- **INSTRUCTIONS FOR THE TASK**:
If a line in the listing below includes the string "comment", pull it out.

---- DATASET

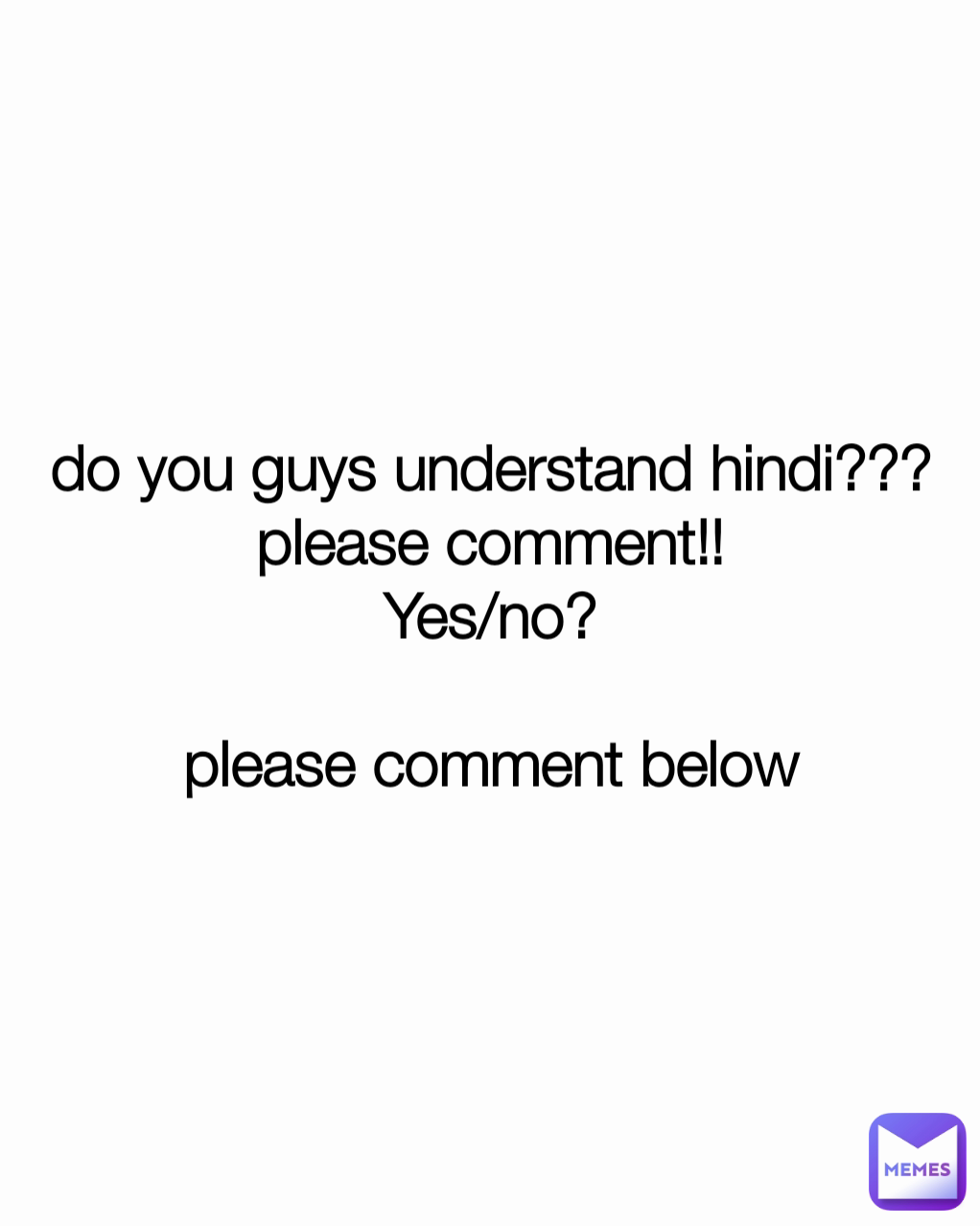 do you guys understand hindi???
please comment!!
Yes/no?

please comment below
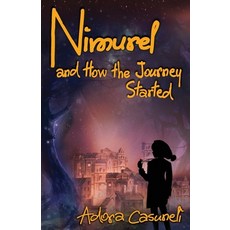 (영문도서) Nimurel and How the Journey Started Paperback, Independently Published, English, 9798352828793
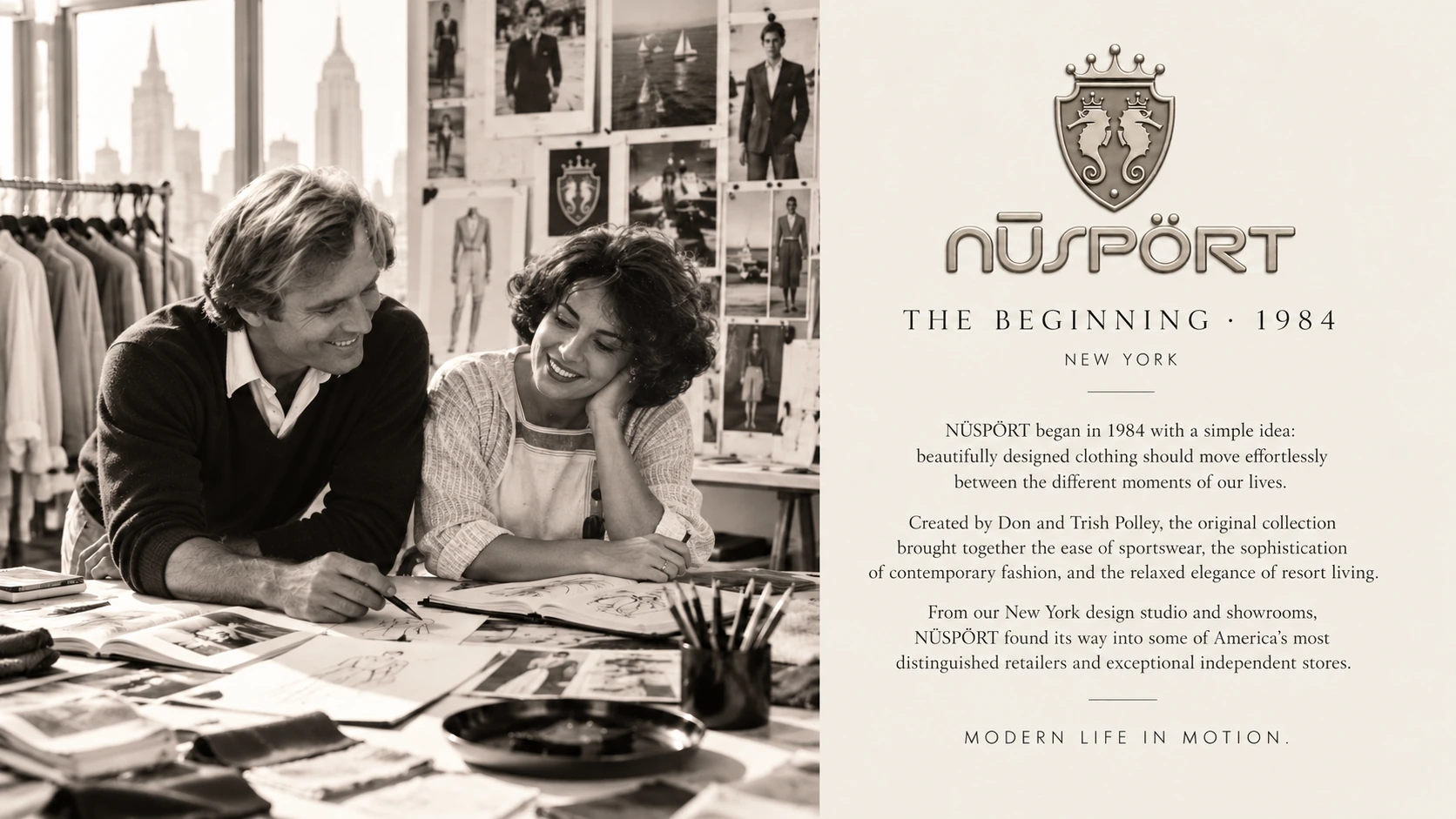The Beginning · 1984 — NŪSPÖRT founders Don and Trish Polley in their New York design studio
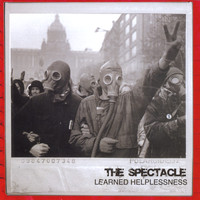 The Spectacle - Learned Helplessness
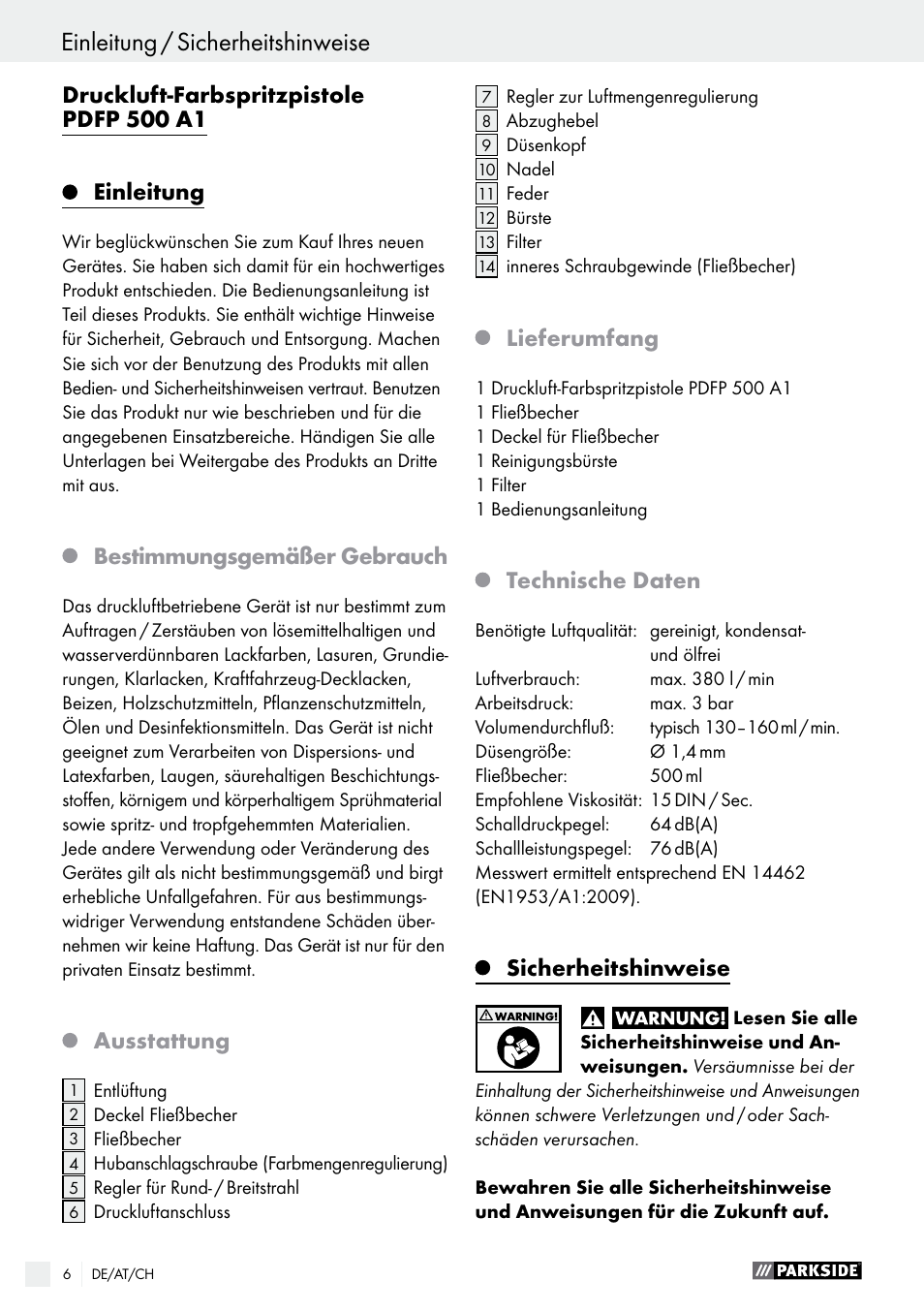 Druckluft-farbspritzpistole pdfp 500 a1 einleitung, Bestimmungsgemäßer gebrauch, Ausstattung | Lieferumfang, Technische daten, Sicherheitshinweise | Parkside PDFP 500 A1 User Manual | Page 6 / 44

--------

- **WRITTEN REPLY**:
please comment!!
please comment below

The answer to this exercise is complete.